In the quarter ended September 30, 2004, our revenues increased to $17,721,182, a 37.4% increase over the $12,898,673 that we reported in the third quarter of 2003. The number of systems that we shipped in this quarter increased by approximately 33%, to 246 systems as compared with 185 systems shipped in the third quarter of 2003. This growth was largely the result of strong sales of our 3D printing systems, our T-class line as represented by our Titan and Vantage systems, and Eden. We believe that we shipped more total RP systems than any other company in the world in the third quarter of 2004. Increases in sales of consumables, maintenance, and paid parts also contributed to the sales growth. We believe that the growth rate of our consumables, which represents recurring revenue for us, should increase in future quarters due to the significant expansion of our active installed base.

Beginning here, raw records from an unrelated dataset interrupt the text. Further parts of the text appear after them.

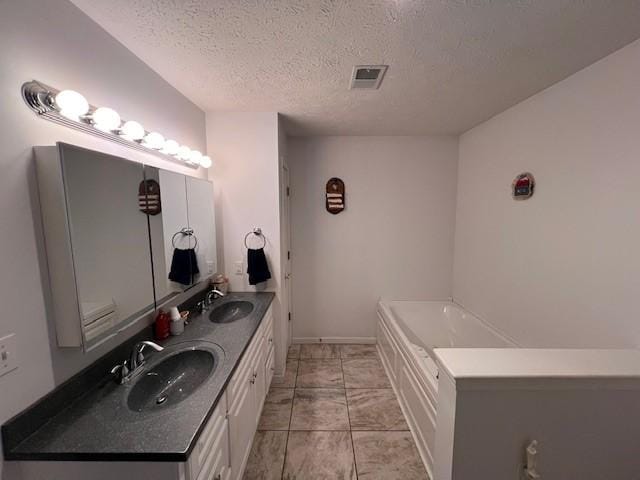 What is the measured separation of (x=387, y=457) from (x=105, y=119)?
8.17 ft

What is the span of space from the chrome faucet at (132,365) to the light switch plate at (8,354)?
0.38 metres

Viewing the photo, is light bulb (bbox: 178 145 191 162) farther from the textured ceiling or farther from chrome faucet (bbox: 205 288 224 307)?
chrome faucet (bbox: 205 288 224 307)

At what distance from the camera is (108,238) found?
1199 mm

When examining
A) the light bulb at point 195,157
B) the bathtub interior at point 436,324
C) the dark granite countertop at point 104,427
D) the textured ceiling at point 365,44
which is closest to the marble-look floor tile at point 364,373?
the bathtub interior at point 436,324

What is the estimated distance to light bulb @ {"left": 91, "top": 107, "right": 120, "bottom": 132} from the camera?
1095 millimetres

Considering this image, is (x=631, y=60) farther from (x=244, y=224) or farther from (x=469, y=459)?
(x=244, y=224)

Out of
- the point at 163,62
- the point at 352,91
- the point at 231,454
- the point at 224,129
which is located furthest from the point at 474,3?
the point at 231,454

Our strategy also includes the expansion of our position in the RP market through the growth of our productivity systems, represented principally by our Titan, Vantage, Triplets, and Maxum systems. In January 2004 we introduced Triplets, which offers three variations of the Vantage system. In the third quarter of 2004, we recorded a 100% unit growth rate of our T-Class products (Titan, Vantage, and Triplets systems) as compared with the comparable quarter in 2003. Eden sales were also strong in the quarter and were not available in the comparable 2003 quarter. However, older products, such as our Maxum and Prodigy Plus systems, declined in the third quarter of 2004 and are expected to decline further in the last quarter of 2004, negatively impacting the total growth of our productivity class of systems.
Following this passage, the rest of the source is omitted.